Fitzgerald searched the purse before ascertaining the owner. Cf. State v. Suazo, 133 N.J. 315, 322 (1993) (recognizing police should determine which occupants of a vehicle own bags found therein before obtaining consent from the driver to search the bags). N.S. did not move to suppress any evidence seized from the car, and that issue is not before us. We therefore express no opinion regarding the validity of the search.
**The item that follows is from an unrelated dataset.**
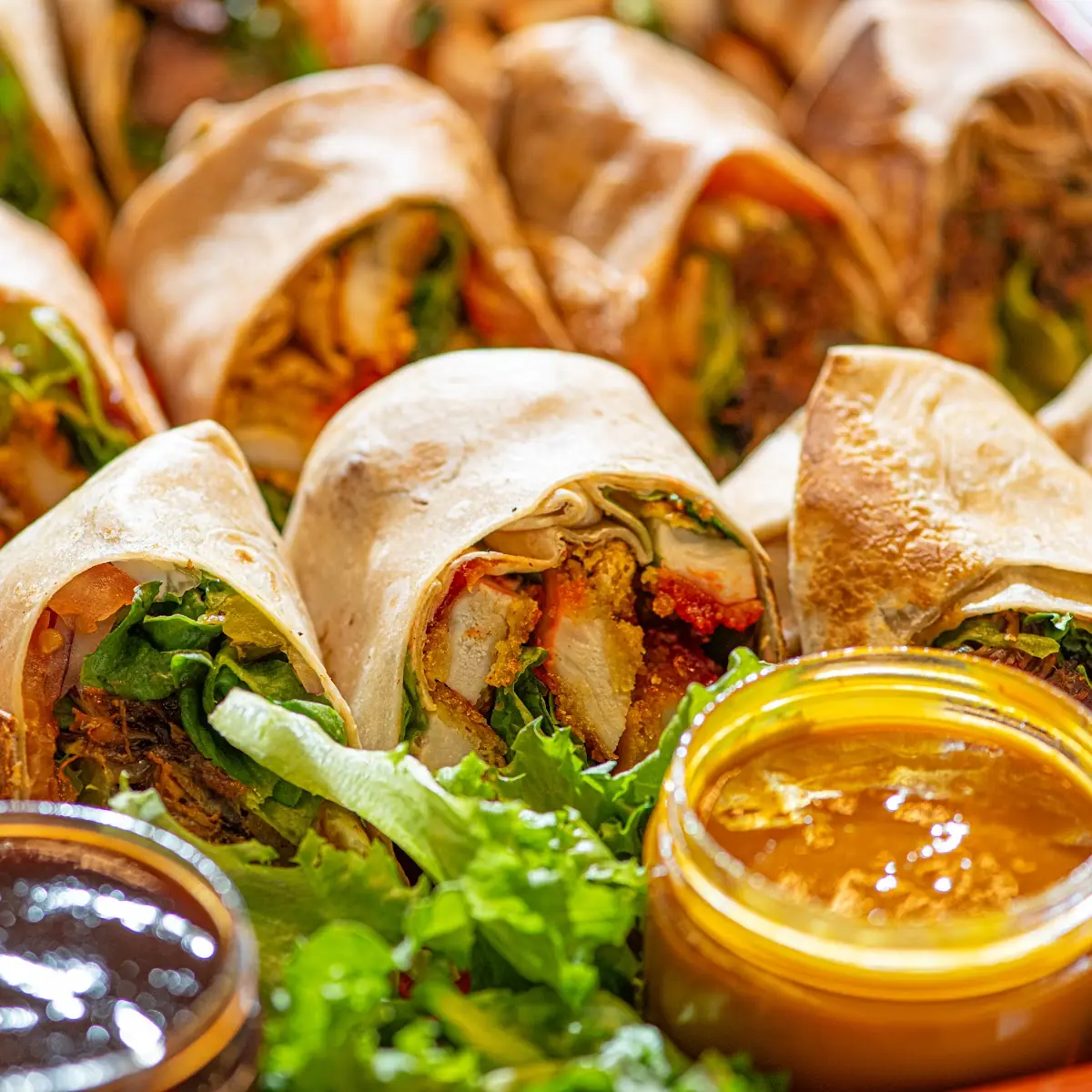 BBQ Pulled Beef Wrap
Following summations, the trial judge issued an oral decision, granting the State's motion to admit N.S.'s statements at trial. The judge found N.S. was "detained at [the] time" but "[s]he was not in custody" when she provided her statements. Rather, N.S. "was questioned at the traffic stop . . . to find out basic information." Further, "all the questions only pertain[ed] to the purse and its . . . contents." According to the judge, "even if [N.S.] was in custody, she was read her Miranda rights and she clearly and voluntarily [and] knowingly waived her Miranda rights [as] shown on the body cam." The court concluded that "the totality of the circumstances . . . makes it clear [N.S.] did not need a parent present while making these statements" and N.S.'s "waiver of her Miranda rights was completely voluntary."

II.

We deferentially review a trial court's factual findings regarding a defendant's waiver of his or her right to remain silent. See State v. Tillery, 238 N.J. 293, 314 (2019). Those findings should be disturbed only if they are "so clearly mistaken that the interests of justice demand intervention and correction." Ibid. (internal quotation marks omitted). Legal conclusions, however, are reviewed de novo. Ibid.
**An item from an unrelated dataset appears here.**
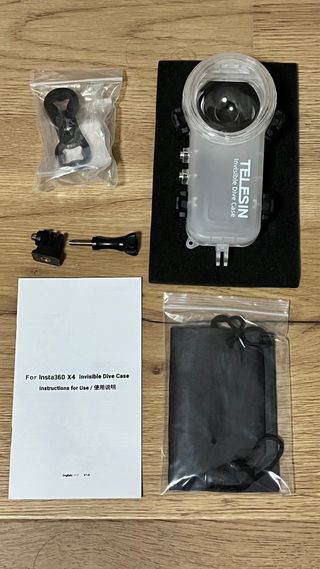 Carcasa Buceo Telesin Insta360 X4 Nueva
Because Lanza administered Miranda warnings to N.S., we briefly review the trial judge's initial determination that warnings were not necessary. In doing so, we agree with the judge that brief roadside questioning of a motorist during a traffic stop ordinarily is not considered custodial interrogation and, as such, does not require administration of Miranda warnings. See, e.g., Berkemer v. McCarthy, 468 U.S. 420, 439-40 (1984) (recognizing questioning during the course of a brief routine traffic stop - unlike a police station interrogation - is not sufficiently coercive to implicate the necessity of Miranda warnings). Our state courts have adhered to the Berkemer reasoning in determining whether there is a need to administer Miranda warnings during the course of a routine traffic stop. See, e.g., State v. Reininger, 430 N.J. Super. 517, 537 (App. Div. 2013); see also State v. Hickman, 335 N.J. Super. 623, 631 (App. Div. 2000) ("Roadside questioning of a motorist is not transformed into 'custodial interrogation' that must be preceded by Miranda warnings simply because a police officer's questioning is accusatory in nature or designed to elicit incriminating evidence.").
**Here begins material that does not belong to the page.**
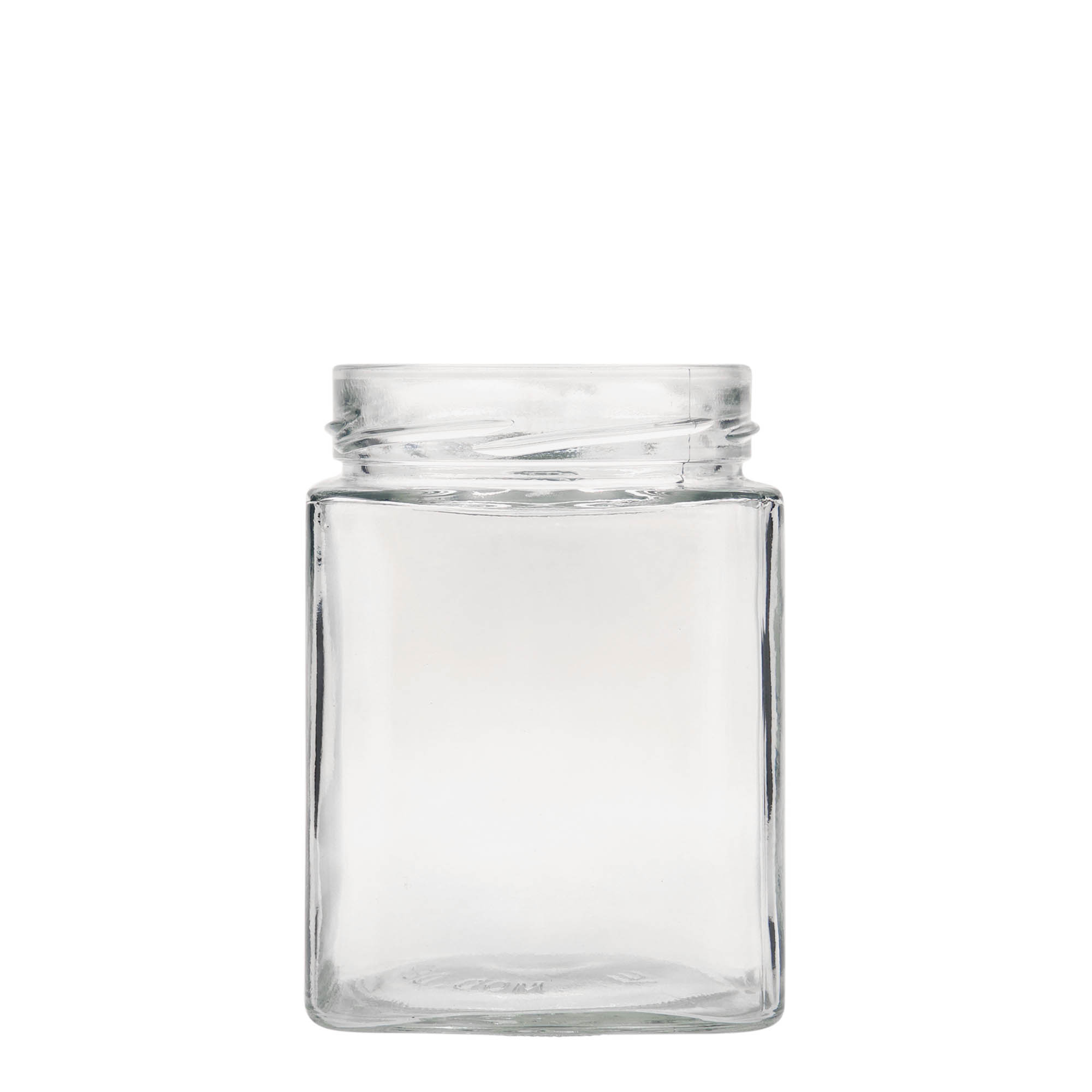Τετράγωνο βάζο 'Ίκαρος' 580 ml, στόμιο: deep twist-off (DTO 82) Τετράγωνο βάζο 'Ίκαρος' 580 ml, στόμιο: deep twist-off (DTO 82)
Unlike the defendants in Berkemer, Reininger, and Hickman, however, N.S. was administered her rights after Lanza observed marijuana in the vehicle. As Lanza candidly acknowledged, he "wanted to make sure that if [he] passed [N.S.] along to [the other officers] who were conducting the CDS investigation, that she was advised" of her rights. Indeed, Lanza and Fitzgerald both acknowledged the motor vehicle stop escalated to a narcotics investigation when they observed potential CDS in plain view. Although Fitzgerald's questioning of N.S. was limited in scope and duration, he conducted the inquiry after CDS was found in the car and the questions he asked were designed to elicit inculpatory statements.

We therefore disagree with the trial judge that the questions about the purse and its contents were designed to determine "basic information." Because N.S. was a suspect of that investigation, Miranda warnings were a necessary requirement prior to any questioning about the drugs found in the vehicle. Cf. State v. Timmendequas, 161 N.J. 515, 614-15 (1999) ("If the questioning is simply part of an investigation and is not targeted at the individual because she or he is a suspect, the rights provided by Miranda are not implicated."). In sum, N.S. was not free to leave, and the police inquiry exceeded ministerial questioning. Accordingly, for all intents and purposes, N.S. was in custody and Miranda warnings were required.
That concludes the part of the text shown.